Wednesday, May 9, 2012

Pak Sigit

Saya ingin sedikit cerita mengenai supir baru dikeluarga kami. Supir kami yang sebelumnya bernama mas Dani dan kami mendapatkannya dari sebuah perusahaan penyedia layanan semacam supir, satpam untuk keperluan kantor. Mas Dani berseragam layaknya PNS dan menyetir dengan lincah dan sopan bak supir idola sampai akhirnya kontrak pekerjaan antara keluarga dan perusahaannya tidak bisa diperpanjang lagi.

***

Selang seminggu, kami sudah memiliki supir baru bernama Pak Sigit yang sudah mulai bekerja dari minggu lalu. Pak Sigit ini berusia sekitaran 50 tahun, bertubuh besar ,aroma tubuh yang netral (ini terpenting), berkumis layaknya Ayah Garang. Kami tidak pernah benar-benar bertegur sapa karena masih merasa asing sampai akhirnya pak Sigit harus mengantarkan saya ke kampus karena mobil saya yang masih opname di bengkel.

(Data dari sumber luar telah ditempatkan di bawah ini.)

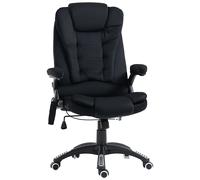 Vinsetto Silla de Oficina con Función de Masaje y Calor ergonómica ajustable en altura Negro Aosom España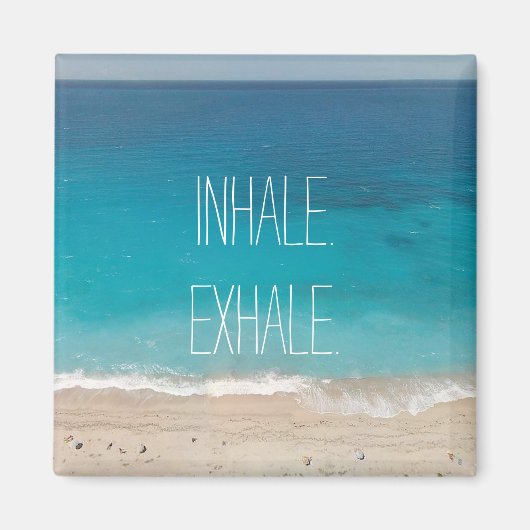 Meditation Breath Beautiful Beach Spring 2023 マグネット (正面)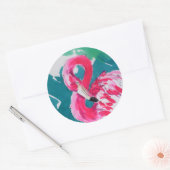Hete Flamingo Roze Sticker (Envelop)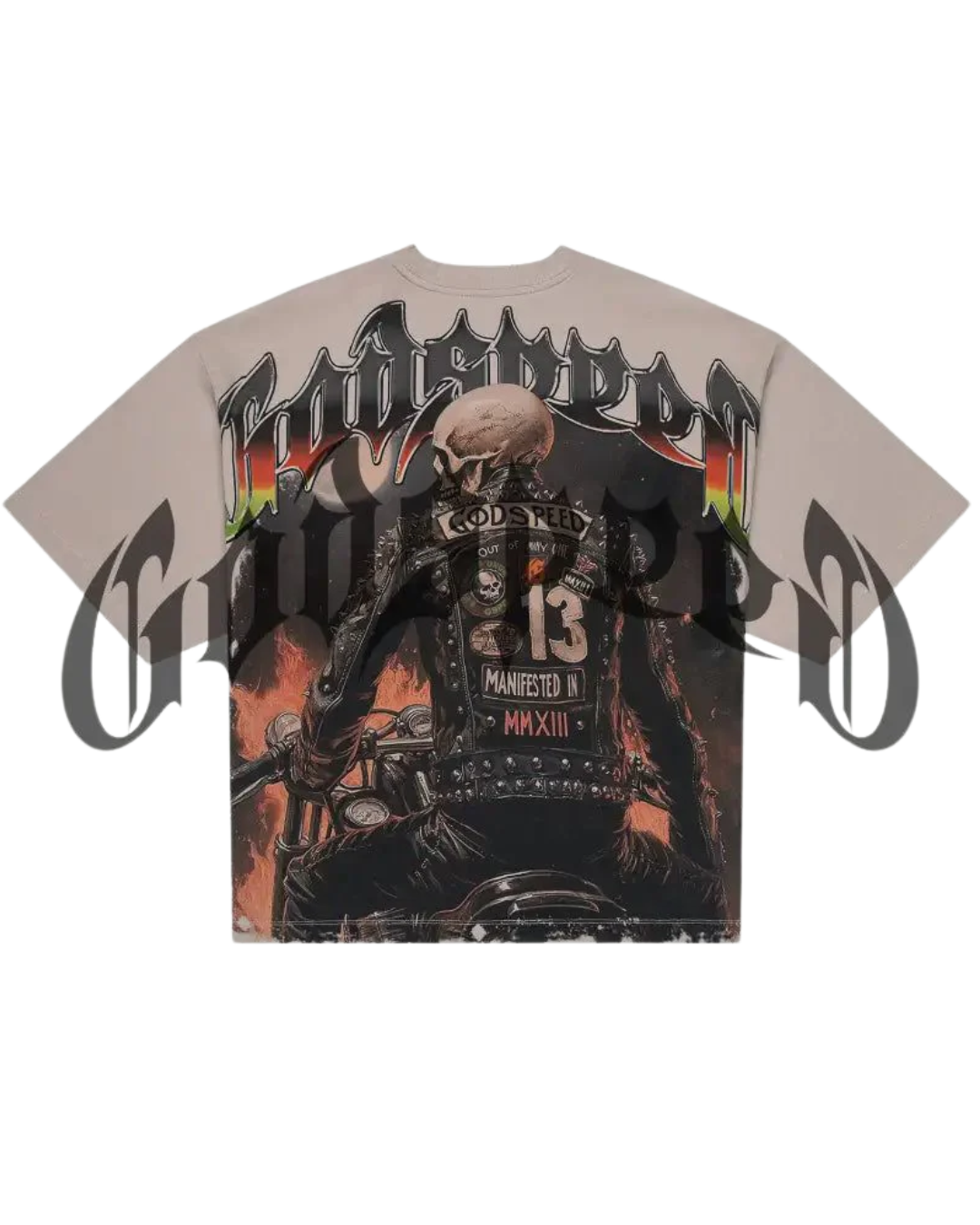 Godspeed Biker Nation (Stone Wash)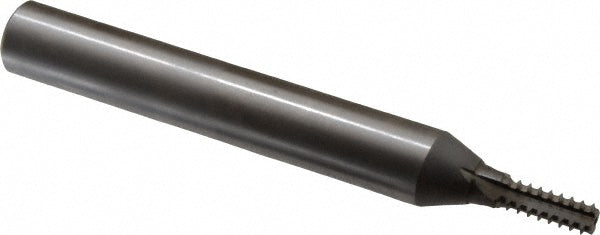 Scientific Cutting Tools TM.350-20 Straight Flute Thread Mill: 7/16-20, External & Internal, 4 Flutes, 3/4" Shank Dia, Solid Carbide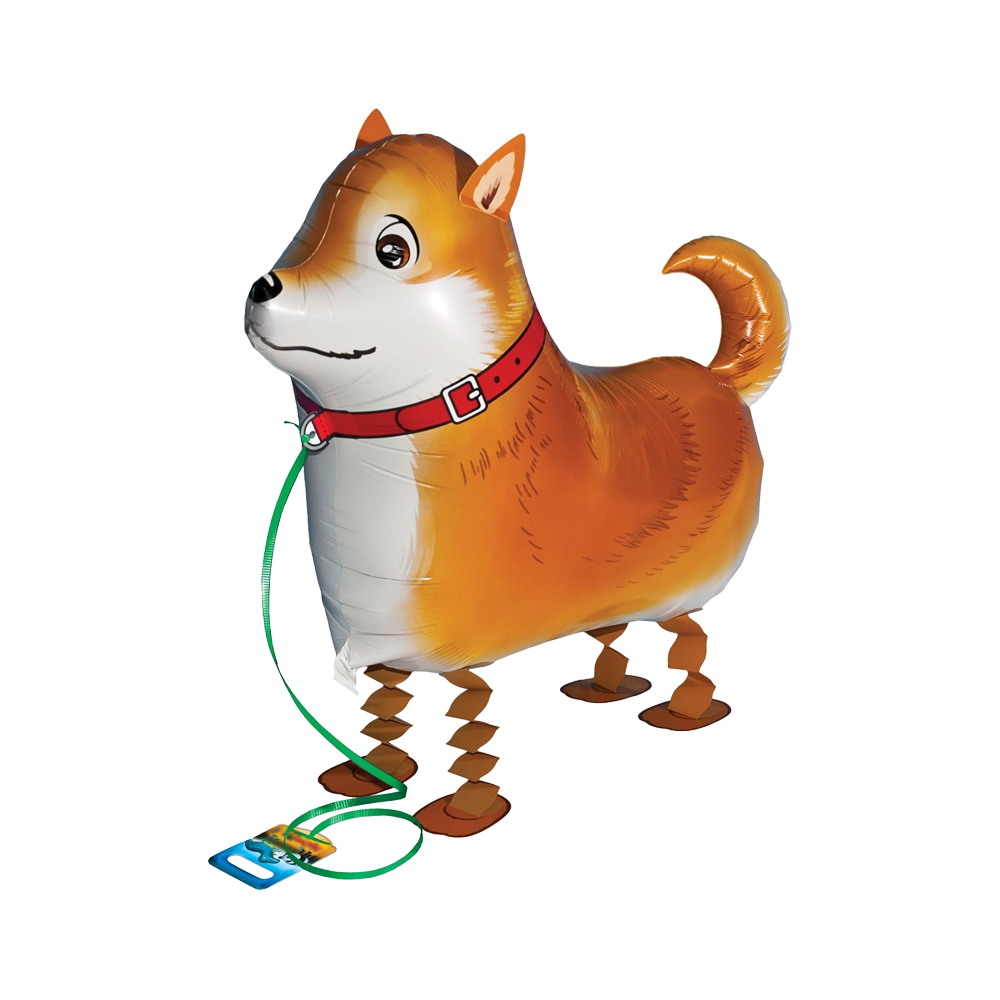 shiba inu dog shaped walking balloon, airwalker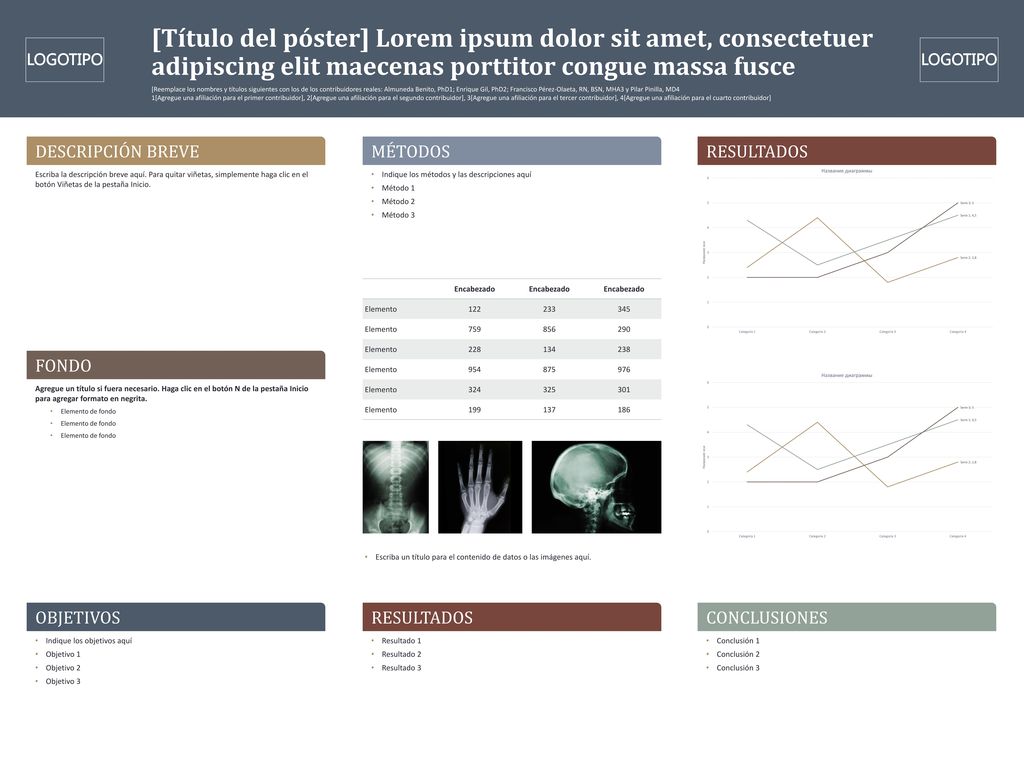 [Título del póster] Lorem ipsum dolor sit amet, consectetuer adipiscing elit maecenas porttitor congue massa fusce
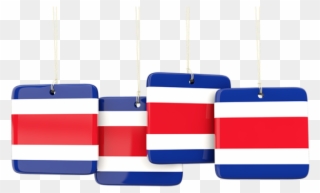 Illustration Of Flag Of Costa Rica - Flag Of Costa Rica Clipart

Selama perjalanan dia minta saya menuntun setiap pergerakan arah, dan saya tidak merasa keberatan sama sekali, meski saya lebih terdengar seperti GPS yang menuntunnya dengan suara stabil. Dengan 20km/jam kami tiba dikampus setengah jam kemudian (yang biasannya bisa saya tempuh sendiri 15 menit) -__-

Selama perjalanan dia menceritakan akan dirinnya yang dulunnya supir truk. Saya patut mengapresiasi karena dia membuka pembicaraan antara kami terlebih dahulu. Cukup banyak cerita yang bisa saya tangkap selama perjalanan. Mulai dari anaknya yang masih kuliah dan akan lulus tahun ini DAN AKAN MENIKAH SETELAHNYA (*ZOOM IN ZOOM OUT*).

Saya membalas ceritannya dengan menceritakan tentang kebiasaan keluarga kami, mama papa dan mengingatkan akan habit menyetir truk yang harus ia tanggalkan (mematikan mesin ketika berhenti tanpa mematikan AC, membuka jendela selama perjalanan, dan harapan semoga pak Sigit tidak menempelkan stiker wanita tiduran dengan tagline aneh-aneh, karena kalau dia mengganti musik ke lagu Koplo saya juga masih bisa berdendang :P )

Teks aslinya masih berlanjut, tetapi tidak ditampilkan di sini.